Exercise aim - Search the entries for the word "perfect" and copy each line that has it.

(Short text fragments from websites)
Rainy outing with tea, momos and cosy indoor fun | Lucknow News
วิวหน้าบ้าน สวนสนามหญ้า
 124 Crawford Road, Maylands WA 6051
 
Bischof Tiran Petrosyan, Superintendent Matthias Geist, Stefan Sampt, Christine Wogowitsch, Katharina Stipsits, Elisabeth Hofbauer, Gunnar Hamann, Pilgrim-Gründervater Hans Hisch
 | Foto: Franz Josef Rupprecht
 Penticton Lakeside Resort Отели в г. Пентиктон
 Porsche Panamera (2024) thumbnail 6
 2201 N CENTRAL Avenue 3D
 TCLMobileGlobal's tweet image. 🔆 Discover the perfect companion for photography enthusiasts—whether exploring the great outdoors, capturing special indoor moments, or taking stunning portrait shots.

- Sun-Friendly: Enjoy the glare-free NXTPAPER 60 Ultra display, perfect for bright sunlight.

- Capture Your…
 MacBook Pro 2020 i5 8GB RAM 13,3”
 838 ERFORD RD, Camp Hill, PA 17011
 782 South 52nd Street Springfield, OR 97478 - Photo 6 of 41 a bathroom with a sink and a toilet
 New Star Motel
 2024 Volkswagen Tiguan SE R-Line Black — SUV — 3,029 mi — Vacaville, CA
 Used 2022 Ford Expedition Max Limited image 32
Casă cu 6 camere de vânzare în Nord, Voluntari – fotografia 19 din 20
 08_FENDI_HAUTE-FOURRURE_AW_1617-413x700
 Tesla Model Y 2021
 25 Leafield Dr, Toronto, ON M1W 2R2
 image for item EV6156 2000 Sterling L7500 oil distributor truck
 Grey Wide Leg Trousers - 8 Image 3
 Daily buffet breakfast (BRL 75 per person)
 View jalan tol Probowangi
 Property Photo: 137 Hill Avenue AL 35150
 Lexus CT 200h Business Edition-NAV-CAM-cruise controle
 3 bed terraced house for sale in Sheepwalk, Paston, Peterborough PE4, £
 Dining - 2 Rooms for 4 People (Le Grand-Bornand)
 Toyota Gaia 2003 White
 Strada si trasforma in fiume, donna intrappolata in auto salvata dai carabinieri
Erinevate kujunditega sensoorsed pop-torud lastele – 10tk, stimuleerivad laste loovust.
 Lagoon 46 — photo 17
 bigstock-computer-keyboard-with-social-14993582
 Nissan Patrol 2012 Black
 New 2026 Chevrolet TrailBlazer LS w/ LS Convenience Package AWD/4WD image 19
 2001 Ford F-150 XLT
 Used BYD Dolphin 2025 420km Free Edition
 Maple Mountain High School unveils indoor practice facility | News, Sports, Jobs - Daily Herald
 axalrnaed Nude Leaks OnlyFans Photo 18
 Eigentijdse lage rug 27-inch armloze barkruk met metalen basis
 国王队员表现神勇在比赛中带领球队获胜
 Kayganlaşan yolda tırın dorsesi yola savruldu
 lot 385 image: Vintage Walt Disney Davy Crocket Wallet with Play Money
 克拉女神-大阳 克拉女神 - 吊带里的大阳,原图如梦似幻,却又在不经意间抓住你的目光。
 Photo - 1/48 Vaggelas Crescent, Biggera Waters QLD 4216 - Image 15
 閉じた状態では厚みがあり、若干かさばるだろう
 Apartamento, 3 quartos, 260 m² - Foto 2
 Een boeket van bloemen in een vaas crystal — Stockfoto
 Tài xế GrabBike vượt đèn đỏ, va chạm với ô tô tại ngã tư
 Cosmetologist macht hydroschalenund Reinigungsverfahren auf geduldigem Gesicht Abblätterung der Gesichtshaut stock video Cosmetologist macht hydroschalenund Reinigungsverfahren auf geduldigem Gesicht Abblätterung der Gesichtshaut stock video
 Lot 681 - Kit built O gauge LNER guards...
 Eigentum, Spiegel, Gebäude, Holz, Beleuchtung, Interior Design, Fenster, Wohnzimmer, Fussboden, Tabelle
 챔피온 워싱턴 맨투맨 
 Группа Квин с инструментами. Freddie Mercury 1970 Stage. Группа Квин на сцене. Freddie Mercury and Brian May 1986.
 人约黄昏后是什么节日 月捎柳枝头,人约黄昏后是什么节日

Written reply -
 TCLMobileGlobal's tweet image. 🔆 Discover the perfect companion for photography enthusiasts—whether exploring the great outdoors, capturing special indoor moments, or taking stunning portrait shots.
- Sun-Friendly: Enjoy the glare-free NXTPAPER 60 Ultra display, perfect for bright sunlight.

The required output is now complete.